- **HOW TO COMPLETE THIS TASK**
Each record needs to be transcribed exactly.

- **DATA TO PROCESS**
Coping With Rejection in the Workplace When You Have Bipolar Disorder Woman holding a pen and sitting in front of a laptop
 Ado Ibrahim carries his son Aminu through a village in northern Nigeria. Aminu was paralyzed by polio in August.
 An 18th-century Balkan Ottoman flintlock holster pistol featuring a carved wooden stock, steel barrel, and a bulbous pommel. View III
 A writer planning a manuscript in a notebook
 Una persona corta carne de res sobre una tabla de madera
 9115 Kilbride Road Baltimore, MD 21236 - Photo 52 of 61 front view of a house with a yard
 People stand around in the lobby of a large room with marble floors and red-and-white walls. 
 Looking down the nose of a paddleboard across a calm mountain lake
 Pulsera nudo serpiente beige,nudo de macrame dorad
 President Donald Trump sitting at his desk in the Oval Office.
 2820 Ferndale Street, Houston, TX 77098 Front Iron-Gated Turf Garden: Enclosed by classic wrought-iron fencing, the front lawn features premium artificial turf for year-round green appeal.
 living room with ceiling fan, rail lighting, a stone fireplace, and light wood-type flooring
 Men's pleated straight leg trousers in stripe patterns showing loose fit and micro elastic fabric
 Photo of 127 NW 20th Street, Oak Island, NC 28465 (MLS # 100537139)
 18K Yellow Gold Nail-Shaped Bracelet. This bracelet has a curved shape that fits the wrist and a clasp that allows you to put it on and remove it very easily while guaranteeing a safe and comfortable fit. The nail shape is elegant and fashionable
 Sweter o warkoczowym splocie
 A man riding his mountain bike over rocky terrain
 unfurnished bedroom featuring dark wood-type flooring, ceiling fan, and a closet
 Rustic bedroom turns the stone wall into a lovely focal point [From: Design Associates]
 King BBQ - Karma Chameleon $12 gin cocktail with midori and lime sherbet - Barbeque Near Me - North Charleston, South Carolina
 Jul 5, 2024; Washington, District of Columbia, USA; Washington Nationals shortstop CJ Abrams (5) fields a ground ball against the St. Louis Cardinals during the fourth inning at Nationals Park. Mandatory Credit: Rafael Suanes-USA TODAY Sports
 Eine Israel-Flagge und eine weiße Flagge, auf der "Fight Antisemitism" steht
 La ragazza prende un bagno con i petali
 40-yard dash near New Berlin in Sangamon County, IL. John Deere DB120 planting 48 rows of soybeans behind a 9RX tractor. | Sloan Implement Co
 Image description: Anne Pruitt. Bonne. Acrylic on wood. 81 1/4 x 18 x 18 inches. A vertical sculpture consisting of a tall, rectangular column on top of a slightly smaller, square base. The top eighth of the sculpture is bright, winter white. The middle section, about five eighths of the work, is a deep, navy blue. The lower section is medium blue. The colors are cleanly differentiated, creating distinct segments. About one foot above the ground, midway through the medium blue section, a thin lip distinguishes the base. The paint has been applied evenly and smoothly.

- **OUTPUT OF THE TASK**
Coping With Rejection in the Workplace When You Have Bipolar Disorder Woman holding a pen and sitting in front of a laptop
 Ado Ibrahim carries his son Aminu through a village in northern Nigeria. Aminu was paralyzed by polio in August.
 An 18th-century Balkan Ottoman flintlock holster pistol featuring a carved wooden stock, steel barrel, and a bulbous pommel. View III
 A writer planning a manuscript in a notebook
 Una persona corta carne de res sobre una tabla de madera
 9115 Kilbride Road Baltimore, MD 21236 - Photo 52 of 61 front view of a house with a yard
 People stand around in the lobby of a large room with marble floors and red-and-white walls. 
 Looking down the nose of a paddleboard across a calm mountain lake
 Pulsera nudo serpiente beige,nudo de macrame dorad
 President Donald Trump sitting at his desk in the Oval Office.
 2820 Ferndale Street, Houston, TX 77098 Front Iron-Gated Turf Garden: Enclosed by classic wrought-iron fencing, the front lawn features premium artificial turf for year-round green appeal.
 living room with ceiling fan, rail lighting, a stone fireplace, and light wood-type flooring
 Men's pleated straight leg trousers in stripe patterns showing loose fit and micro elastic fabric
 Photo of 127 NW 20th Street, Oak Island, NC 28465 (MLS # 100537139)
 18K Yellow Gold Nail-Shaped Bracelet. This bracelet has a curved shape that fits the wrist and a clasp that allows you to put it on and remove it very easily while guaranteeing a safe and comfortable fit. The nail shape is elegant and fashionable
 Sweter o warkoczowym splocie
 A man riding his mountain bike over rocky terrain
 unfurnished bedroom featuring dark wood-type flooring, ceiling fan, and a closet
 Rustic bedroom turns the stone wall into a lovely focal point [From: Design Associates]
 King BBQ - Karma Chameleon $12 gin cocktail with midori and lime sherbet - Barbeque Near Me - North Charleston, South Carolina
 Jul 5, 2024; Washington, District of Columbia, USA; Washington Nationals shortstop CJ Abrams (5) fields a ground ball against the St. Louis Cardinals during the fourth inning at Nationals Park. Mandatory Credit: Rafael Suanes-USA TODAY Sports
 Eine Israel-Flagge und eine weiße Flagge, auf der "Fight Antisemitism" steht
 La ragazza prende un bagno con i petali
 40-yard dash near New Berlin in Sangamon County, IL. John Deere DB120 planting 48 rows of soybeans behind a 9RX tractor. | Sloan Implement Co
 Image description: Anne Pruitt. Bonne. Acrylic on wood. 81 1/4 x 18 x 18 inches. A vertical sculpture consisting of a tall, rectangular column on top of a slightly smaller, square base. The top eighth of the sculpture is bright, winter white. The middle section, about five eighths of the work, is a deep, navy blue. The lower section is medium blue. The colors are cleanly differentiated, creating distinct segments. About one foot above the ground, midway through the medium blue section, a thin lip distinguishes the base. The paint has been applied evenly and smoothly.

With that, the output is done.